**MATERIAL TO PROCESS**
[Start of section]

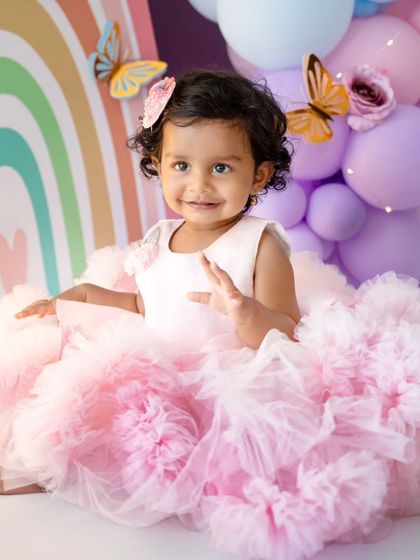 A close-up of the birthday girl in her stunning pink dress, surrounded by the colorful butterfly and rainbow backdrop.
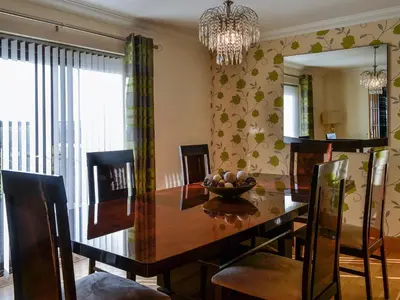 a dining room with a table and a chandelier at Ashgrove in Mainsriddle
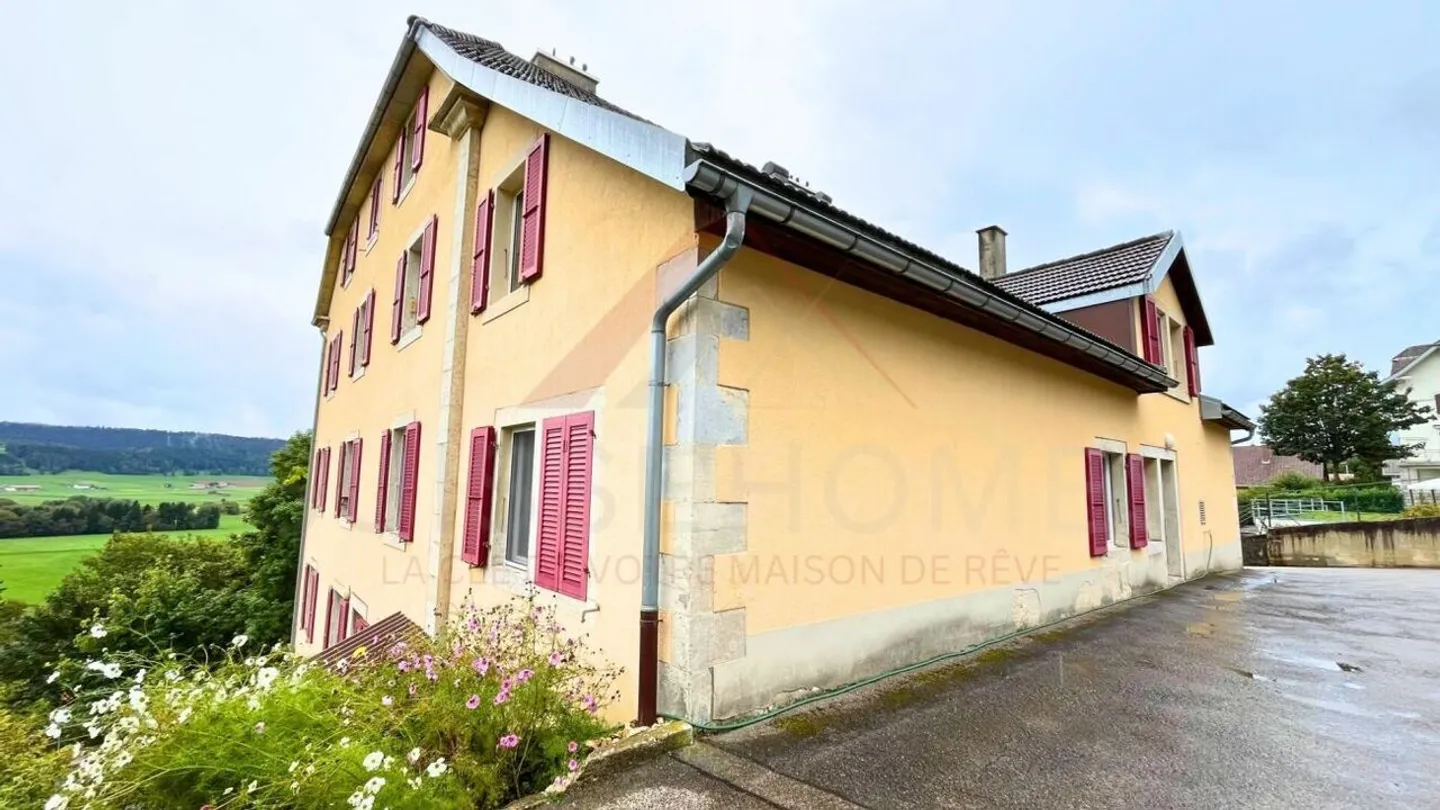 Accueil chaleureux à Échallens : appartement lumineux de 122 m² avec balcon, cheminée et grenier à aménager - Photo 11 sur 11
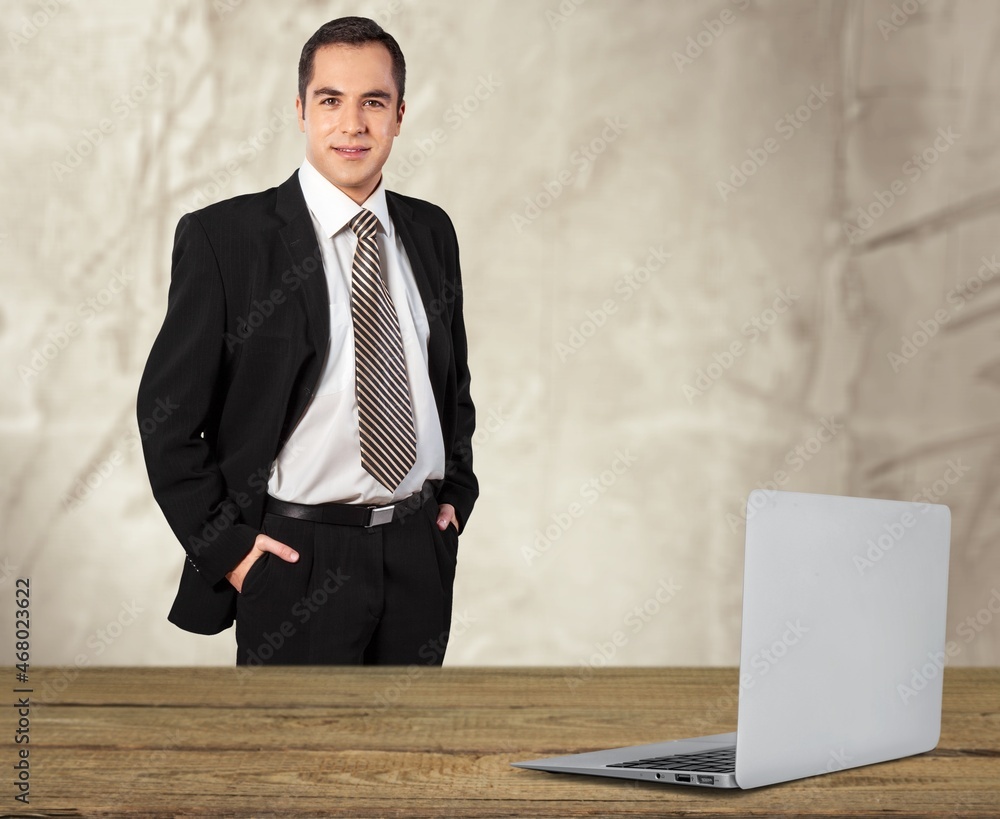 Young businessman in formal suit stands in modern office near desk with a laptop Young businessman in formal suit stands in modern office near desk with a laptop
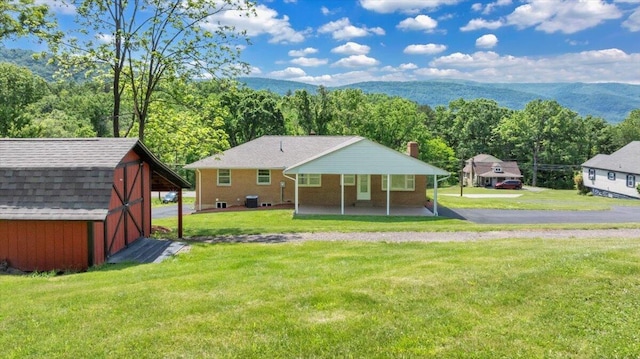 1104 Dolly Ann Dr, Covington, VA 24426 - rear view of house featuring a lawn, a view of trees, and a chimney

[End of section]

**WHAT NEEDS TO BE DONE**
Copy exactly the lines from the one containing "Accueil chaleureux à" through the final line of the records above, both included, and leave out any pictures.

**RESULT**
 Accueil chaleureux à Échallens : appartement lumineux de 122 m² avec balcon, cheminée et grenier à aménager - Photo 11 sur 11
 Young businessman in formal suit stands in modern office near desk with a laptop Young businessman in formal suit stands in modern office near desk with a laptop
 1104 Dolly Ann Dr, Covington, VA 24426 - rear view of house featuring a lawn, a view of trees, and a chimney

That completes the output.